[PATCH] KVM: arm64: Don't eagerly teardown the vgic on init error

Wed Oct 9 16:30:45 PDT 2024

On Wed, Oct 09, 2024 at 11:27:52PM +0000, Oliver Upton wrote:
> On Wed, Oct 09, 2024 at 12:36:32PM -0700, Sean Christopherson wrote:
> > On Wed, Oct 09, 2024, Oliver Upton wrote:
> > > On Wed, Oct 09, 2024 at 07:36:03PM +0100, Marc Zyngier wrote:
> > > > As there is very little ordering in the KVM API, userspace can
> > > > instanciate a half-baked GIC (missing its memory map, for example)
> > > > at almost any time.
> > > > 
> > > > This means that, with the right timing, a thread running vcpu-0
> > > > can enter the kernel without a GIC configured and get a GIC created
> > > > behind its back by another thread.
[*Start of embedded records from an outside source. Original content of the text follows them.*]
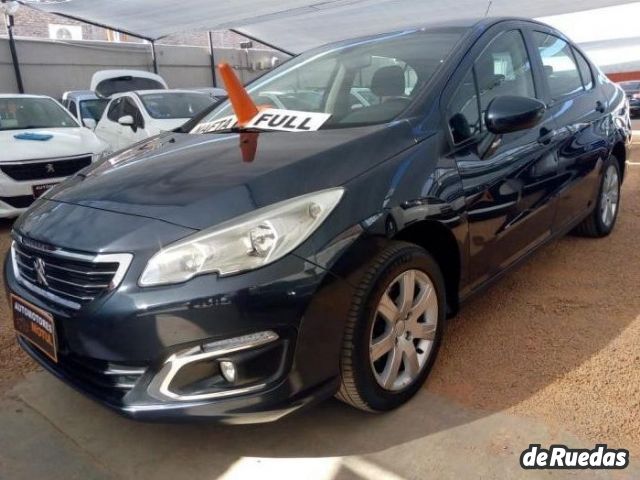 Peugeot 408 Usado en Mendoza, deRuedas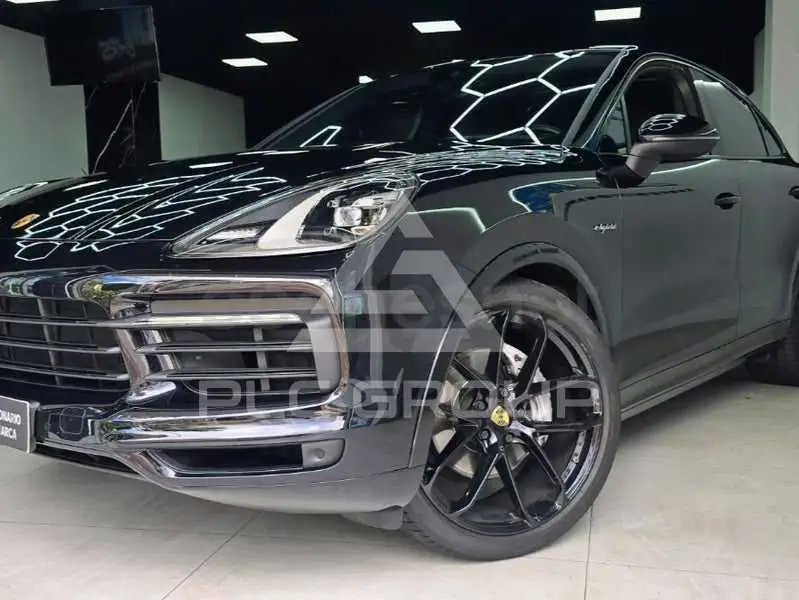 2021 Porsche Cayenne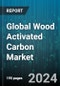 Global Wood Activated Carbon Market by Form (Granular, Powdered), Application (Decolorization, Fluid Adsorption, Purification), End User - Forecast 2024-2030 - Product Thumbnail Image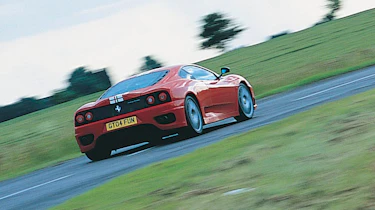 Ferrari 360 Challenge Stradale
Amusingly, it will pick up
> > > > that GIC and start messing with the data structures without the
> > > > GIC having been fully initialised.
> > > 
> > > Huh, I'm definitely missing something. Could you remind me where we open
> > > up this race between KVM_RUN && kvm_vgic_create()?
> 
> Ah, duh, I see it now. kvm_arch_vcpu_run_pid_change() doesn't serialize
> on a VM lock, and kvm_vgic_map_resources() has an early return for
> vgic_ready() letting it blow straight past the config_lock.
> 
> Then if we can't register the MMIO region for the distributor
> everything comes crashing down and a vCPU has made it into the KVM_RUN
> loop w/ the VGIC-shaped rug pulled out from under it. There's definitely
> another functional bug here where a vCPU's attempts to poke the

a theoretical bug, that is. In practice the window to race against
likely isn't big enough to get the in-guest vCPU to the point of poking
the halfway-initialized distributor.

> distributor wind up reaching userspace as MMIO exits. But we can worry
> about that another day.
> 
> If memory serves, kvm_vgic_map_resources() used to do all of this behind
> the config_lock to cure the race, but that wound up inverting lock
> ordering on srcu.
> 
> Note to self: Impose strict ordering on GIC initialization v. vCPU
> creation if/when we get a new flavor of irqchip.
> 
> > > I'd thought the fact that the latter takes all the vCPU mutexes and
> > > checks if any vCPU in the VM has run would be enough to guard against
> > > such a race, but clearly not...
> > 
> > Any chance that fixing bugs where vCPU0 can be accessed (and run!) before its
> > fully online help?
> 
> That's an equally gross bug, but kvm_vgic_create() should still be safe
> w.r.t. vCPU creation since both hold the kvm->lock in the right spot.
> That is, since kvm_vgic_create() is called under the lock any vCPUs
> visible to userspace should exist in the vCPU xarray.
> 
> The crappy assumption here is kvm_arch_vcpu_run_pid_change() and its
> callees are allowed to destroy VM-scoped structures in error handling.
> 
> > E.g. if that closes the vCPU0 hole, maybe the vCPU1 case can
> > be handled a bit more gracefully?
> 
> I think this is about as graceful as we can be. The sorts of screw-ups
> that precipitate this error handling may involve stupidity across
> several KVM ioctls, meaning it is highly unlikely to be attributable /
> recoverable.
> 
> -- 
> Thanks,
> Oliver

-- 
Thanks,
Oliver